_WHAT THE TASK ASKS_
Nothing except the pictures should be left out when you reproduce the listing exactly.

_DATA SEGMENT_

********

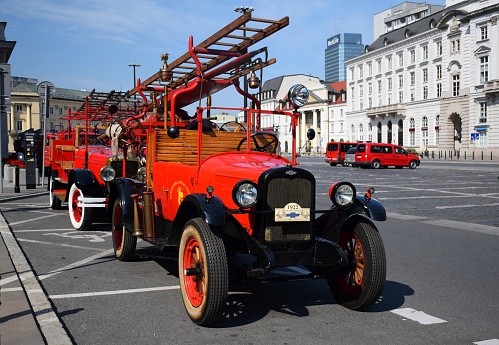 Warsaw, Poland - June 4th, 2016: Classic Chevrolet firetruck stopped on the street before the parade during the Fire Brigade Day. This truck was built in 1922, and now is one of the oldest fire trucks in Poland.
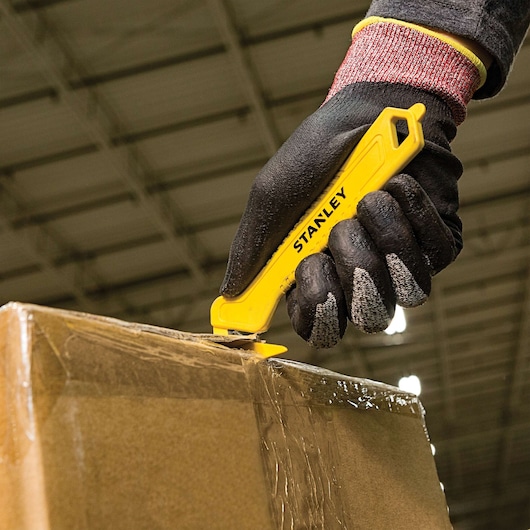STANLEY STHT10355 yellow safety utility knife cutting tape on a cardboard box, held by a gloved hand.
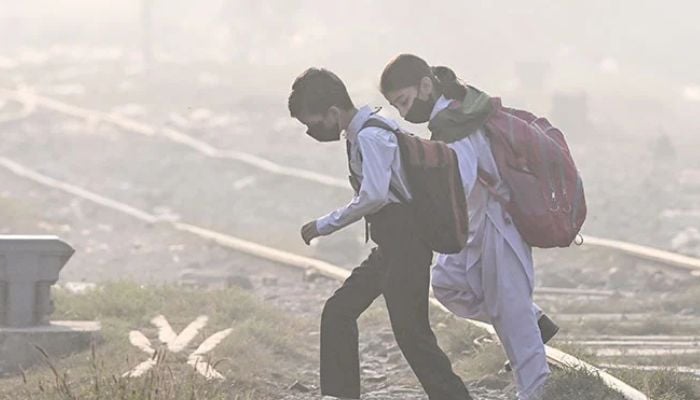 An image of schoolchildren wearing masks walking across a railway track amid thick smog in Lahore on November 20, 2024. — AFP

********

_ANSWER AREA_
 Warsaw, Poland - June 4th, 2016: Classic Chevrolet firetruck stopped on the street before the parade during the Fire Brigade Day. This truck was built in 1922, and now is one of the oldest fire trucks in Poland.
STANLEY STHT10355 yellow safety utility knife cutting tape on a cardboard box, held by a gloved hand.
 An image of schoolchildren wearing masks walking across a railway track amid thick smog in Lahore on November 20, 2024. — AFP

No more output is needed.